Following in the tradition of British rockers such as Sting, Roger Daltrey, David Bowie, and Phil Collins, Gary and Martin Kemp — better known as the pop group Spandau Ballet — are pursuing big-screen careers. The brothers star in The Krays, a movie based on the true story of the twins known as the Kings of Crime, who ruled London’s underworld in the 1960s. A violent drama, the film has been a box-office smash in Britain since it opened last month. It’s scheduled for release in the U.S. this fall.
These days it looks like a supporting cast of lawyers has become an essential part of any movie crew. Witness: New Yorker Harold Steinberg recently filed a suit claiming that Warren Beatty, Walt Disney Studios, and Disney Studios Chairman Jeffrey Katzenberg stole his idea to develop a film from the Dick Tracy comic strip. According to the plaintiff, he presented the musical-story concept to both Beatty and Katzenberg in 1980, but they showed no interest. Meanwhile, Sylvester Stallone is facing a plagiarism lawsuit from ex-boxer Joey Barnum, who claims the Italian Stallion pilfered his idea for the plot of the upcoming Rocky V. Barnum, who is friendly with Stallone’s sister and brother, based the idea on an incident from his career. While working as a cornerman in the ’40s, Barnum came out of retirement to fight a boxer who had broken training rules. The defendants in each case had no comment.
RED PLANET’S NEWSPAPER
The award for best product plug disguised as a sight gag goes to USA Today for its newspaper vending machine on the planet Mars in Total Recall.
HYPE THE POSE
How bad does Disney want Dick Tracy to become a megahit? Bad enough to run a television ad featuring ”Vogue,” the hit tune by Madonna, playing over clips from the movie. Viewers are left with the distinct impression that the lively dance-beat number is featured in the movie. It’s not. When asked whether they thought the ad might confuse consumers, a Disney spokesperson commented that ”Disney m mketing executives refuse to comment, as is their policy on anything to do with advertising and marketing.”
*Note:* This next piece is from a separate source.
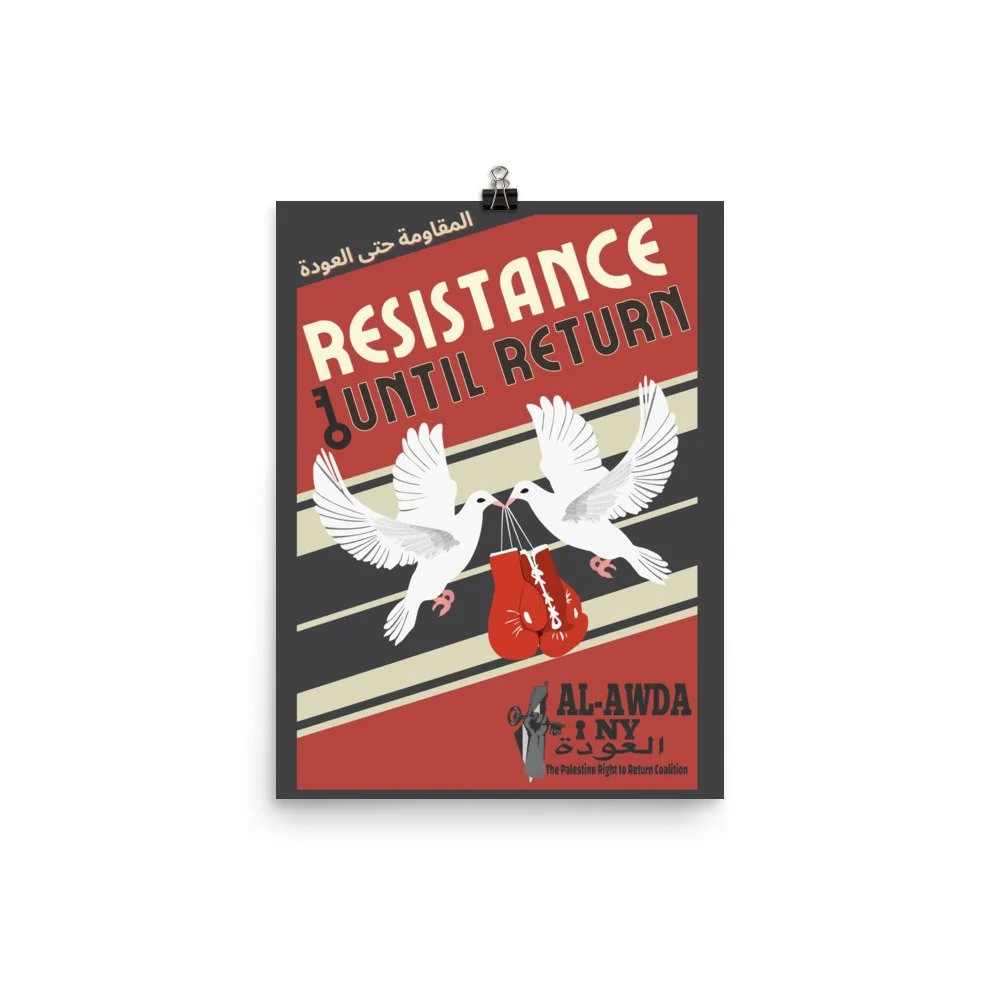 enhanced-matte-paper-poster-(in)-12x16-transparent-65960127cb2e1.jpg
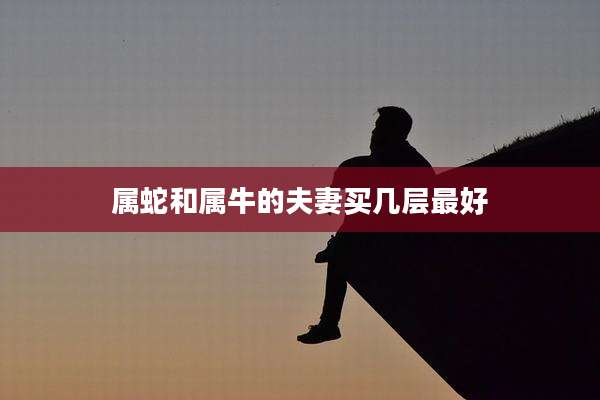 属蛇和属牛的夫妻买几层最好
The talents of special effects wizard Rob Bottin, whose Mars mutants liven up Total Recall, are also on display in the upcoming RoboCop 2. As the crime-stopping cyborg, actor Peter Weller dons a new set of fiberglass threads (left). Lighter and easier to put on than the original suit (above), its 25 pieces magnetically clip together like a jigsaw puzzle. ”We call it his GQ suit says David Pawlik, head of the four-person Robo costume team.